The relationship between mutual fund companies and technology vendors has changed dramatically in the last decade. Fund shops over this time have collectively decided that the amount of due diligence and associated costs of working with dozens of vendors was too burdensome, and frankly not worth the risk involved.

Fund companies began evaluating their existing roster of vendors to determine which ones had the broader breadth of capabilities, and deepening relationships with those firms that would best help them navigate the regulatory landscape while driving innovation. This process has been accelerated in recent years by mounting regulatory reporting obligations and increased investor demand for transparency.

The DOL Fiduciary Rule is the most recent example of these two factors converging. Despite the uncertainty regarding the regulation’s final form, many fund companies looking to get ahead of potential compliance issues are revamping their data management systems, focusing on data access and improved reporting capabilities.

Working effectively with vendors today isn’t an optional exercise, it’s a necessity. One industry executive profiled recently in Fund Operations hits the nail on the head: “Today, it’s too tough to be great at everything. You need partners.”

Your outsourced technology provider should play a key role in helping your firm thrive.
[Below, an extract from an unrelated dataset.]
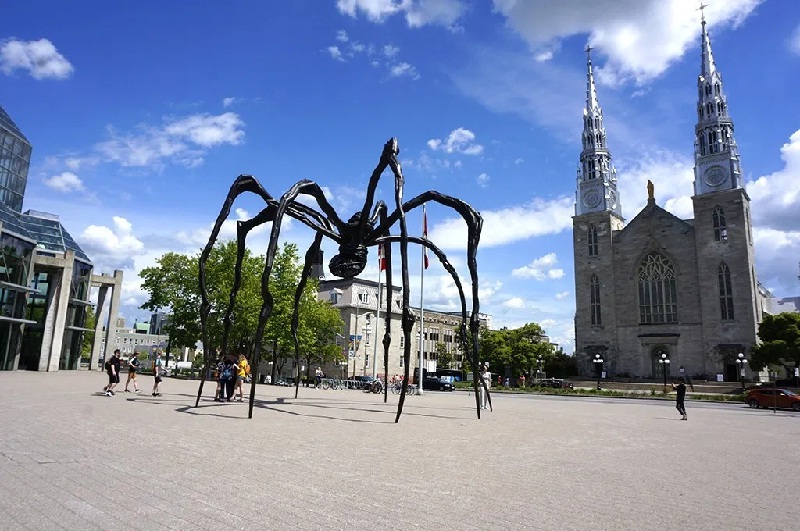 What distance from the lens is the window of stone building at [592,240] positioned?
252ft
By handling the multitude of complex, yet commoditized tasks related to activities such as trading, counterparty management, and reporting, having a trusted technology partner allows COOs and internal operations teams to handle more strategic projects focused on moving the needle for their firm.

With this in mind, we’ve developed the following checklist describing practical steps to build a successful relationship with your vendor.

1. Develop a strategic operations roadmap highlighting short and long-term milestones

This is the first step in determining what you require from your vendor now, as well as in the future. This roadmap should align with your firm’s vision and mission, and include short and long-term technology goals for the operations team. When defining these milestones, the more specific the better.

For example, if your firm would like to eliminate or drastically reduce the number of man hours spent on processing trade reconciliations, the milestones along the way might include implementing a Robotic Process Automation (RPA) solution, which could incrementally reduce hours until almost no human intervention is necessary.

2. Define success and measure performance

Once the construction of the strategic roadmap is completed, you now have a list of evaluation points for determining the success of the vendor relationship. Is the vendor helping you reach those milestones on time or ahead of schedule?

Performance should be properly recorded and accessible by relevant team members from both your firm and the vendor.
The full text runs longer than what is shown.